Sort of recap:
S -> NP VP S' -> VP'(NP')
Today looking at quantified expressions; expressions with quantifiers such as ‘Everyone’.
‘Everyone sleeps’, where ‘everyone’ is the set of people, you would represent it as:
S' = forall x (person'(x) -> sleeps'(x))
VP' here is:
VP' = λy sleeps(y)
NP' (the ‘everyone’):
NP' = λP forall x (person(x) -> P(x))
Some other quantifying NPs:
nothing moved = forall x (¬move'(x)) something moved = exists x (move'(x))
Semantics of quantifying determiners
What about ‘every’ in ‘every bird flies’?
every = λP λQ forall x (P(x) -> Q(x))
In the lecture he applied
λv λu likes(u,v) to
λQ λz forall x (bird(x) -> Q(x)(z)) by applying the likes bit to the λQ, which gives you:
λz forall x (bird(x) -> (λv λu likes(u,v))(x)(z))
which then becomes:
λz forall x (bird(x) -> likes(x, z))
Semantics of sentences involving multiple quantifiers
It should still work. However the problem is that sentences involving multiple quantifiers are always ambiguous, so although it will work you might not get it right – depending on whether yo have a wide scope for ‘forall’ or a wide scope for ‘exists’.

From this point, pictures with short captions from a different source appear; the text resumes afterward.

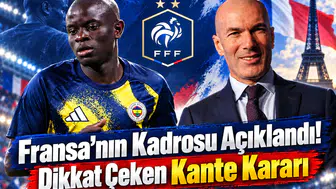 Fransa'nın Kadrosu Açıklandı! Dikkat Çeken Kante Kararı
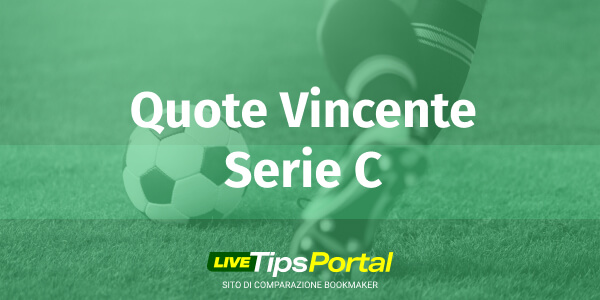 Quote vincente Serie C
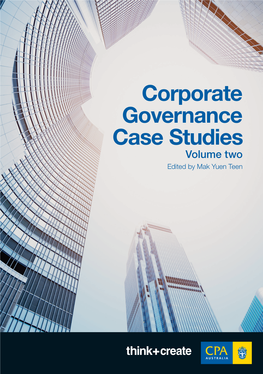 Corporate Governance Case Studies Volume Two Edited by Mak Yuen Teen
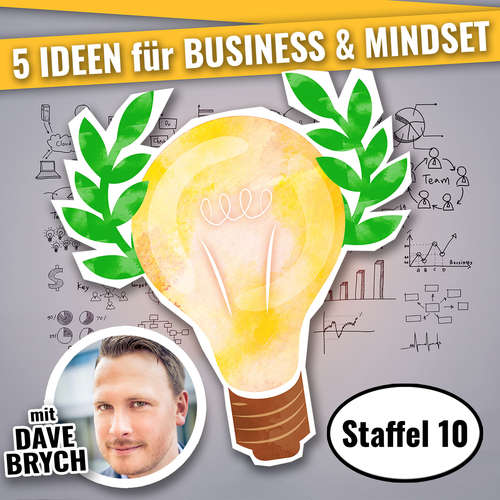 Hoerbuch 5 IDEEN für Business & Mindset - Dave Brych - Dave Brych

You could solve this by having 2 different rules for different scopes, but this gets really stupid.
Encoding into a DCG
We’ve already done how to encode these semantics into a DCG in Prolog. But what about quantifiers? It doesn’t work how you might expect, you have to do it differently, but I’m not sure what.